RECORDS PROVIDED START

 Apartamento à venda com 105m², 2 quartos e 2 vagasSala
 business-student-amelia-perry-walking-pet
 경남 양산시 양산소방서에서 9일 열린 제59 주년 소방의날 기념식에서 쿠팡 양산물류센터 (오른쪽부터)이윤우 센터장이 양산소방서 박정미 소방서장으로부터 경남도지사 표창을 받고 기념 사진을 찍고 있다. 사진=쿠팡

RECORDS PROVIDED END
RECORDS PROVIDED START

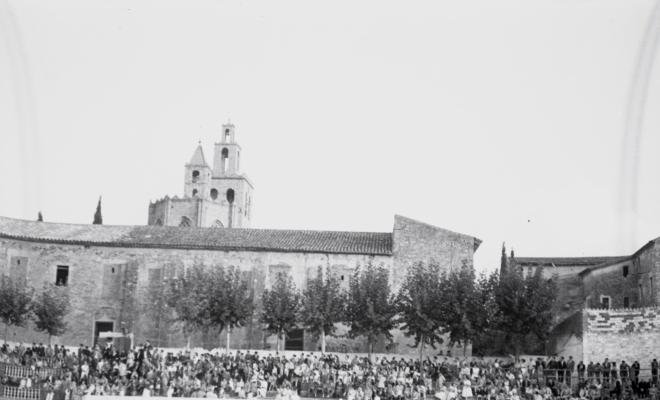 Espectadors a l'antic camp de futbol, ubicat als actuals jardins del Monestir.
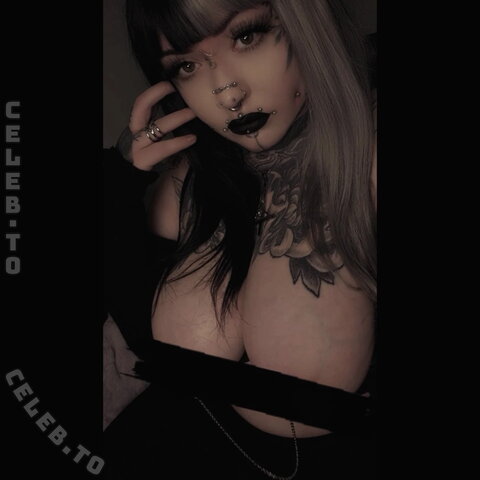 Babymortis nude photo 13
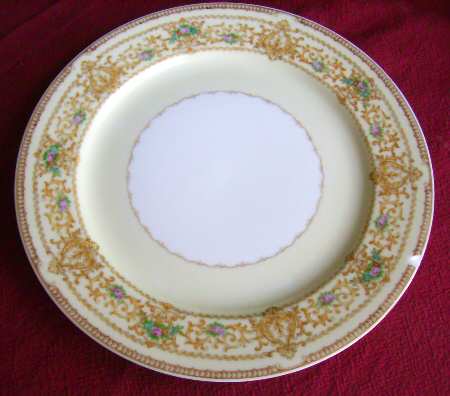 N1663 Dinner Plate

RECORDS PROVIDED END

Copy out, exactly and alone, the lines of the entries above between the ones holding "Apartamento à venda" and "경남 양산시 양산소방서에서", inclusive.

 Apartamento à venda com 105m², 2 quartos e 2 vagasSala
 business-student-amelia-perry-walking-pet
 경남 양산시 양산소방서에서 9일 열린 제59 주년 소방의날 기념식에서 쿠팡 양산물류센터 (오른쪽부터)이윤우 센터장이 양산소방서 박정미 소방서장으로부터 경남도지사 표창을 받고 기념 사진을 찍고 있다. 사진=쿠팡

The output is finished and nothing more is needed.